The deadlock at the euro area finance ministers’ meeting in Brussels in the early hours of Wednesday was a resounding defeat in terms of the expectations held by Greece’s conservative-led coalition government and of the majority of the Greek people, who rightly wish to see the debt-wracked country remain in the common currency zone.
Following lengthy negotiations with the troika of foreign lenders, the controversial parliamentary vote on a fresh package of stiff austerity measures and the further decline in the parliamentary power of the three coalition partners, it was expected that Greece would be better rewarded.
The Eurogroup proved that our partners in the European Union and the International Monetary Fund have their own, sometimes contradictory, interests to look after. Furthermore, it is easy to see that these interests have little to do with a vision for a more firmly unified Europe. Rather, they are all about financial technicalities.
Next Monday, eurozone ministers and the IMF will most likely reach an agreement that will guarantee Greek debt sustainability. But only a part of this will fall on the shoulders of our European peers, as the Greek people will once more have to shoulder the additional cost.
However, it was not just political expectations that went unfulfilled at the Eurogroup summit. Greece’s business elite also appears to have received a severe blow.
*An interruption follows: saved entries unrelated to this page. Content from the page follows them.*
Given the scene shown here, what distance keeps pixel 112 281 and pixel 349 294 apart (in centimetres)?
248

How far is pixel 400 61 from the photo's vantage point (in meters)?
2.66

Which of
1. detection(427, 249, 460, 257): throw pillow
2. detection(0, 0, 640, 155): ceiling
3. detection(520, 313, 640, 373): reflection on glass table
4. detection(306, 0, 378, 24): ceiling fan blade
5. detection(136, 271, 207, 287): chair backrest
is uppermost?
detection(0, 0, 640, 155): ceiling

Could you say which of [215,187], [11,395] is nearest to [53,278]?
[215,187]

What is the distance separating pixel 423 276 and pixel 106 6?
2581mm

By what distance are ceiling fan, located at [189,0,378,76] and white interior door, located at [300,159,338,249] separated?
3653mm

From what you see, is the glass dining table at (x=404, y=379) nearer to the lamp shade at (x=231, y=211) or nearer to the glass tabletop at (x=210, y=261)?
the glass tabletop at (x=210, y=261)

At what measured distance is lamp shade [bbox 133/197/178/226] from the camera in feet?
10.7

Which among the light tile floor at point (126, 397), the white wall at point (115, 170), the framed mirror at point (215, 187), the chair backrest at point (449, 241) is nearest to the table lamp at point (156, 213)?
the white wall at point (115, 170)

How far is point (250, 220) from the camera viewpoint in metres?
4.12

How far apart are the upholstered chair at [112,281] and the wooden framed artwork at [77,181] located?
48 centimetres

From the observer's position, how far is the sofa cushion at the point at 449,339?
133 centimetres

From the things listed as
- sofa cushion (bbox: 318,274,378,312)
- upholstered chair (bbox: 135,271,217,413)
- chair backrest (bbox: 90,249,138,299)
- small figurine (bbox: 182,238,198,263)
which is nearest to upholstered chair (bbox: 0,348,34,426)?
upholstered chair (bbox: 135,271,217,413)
The terms of the recapitalization of local lenders, which include the appointment of independent commissioners at Greece’s major banks, mean that the senior management of these institutions will no longer play the critical role it did over the last decades.
Developments in the banking sector look like they be fatal for those companies that have managed to survive by virtue of their “special relationship” with the country’s political and economic class.
It would be absurd if the status quo that emerged following the end of the military dictatorship in the mid-1970s were to escape unscathed from the present economic meltdown. The powers on the edges of Greece’s ideological spectrum are rolling up their sleeves and getting ready to play a more decisive role in developments – an eventuality that no one could have predicted, or wished for, only a few months ago.
Greece would probably have been better off had it not gone to elections in both May and June. But observations of this kind are, after all, inconsequential.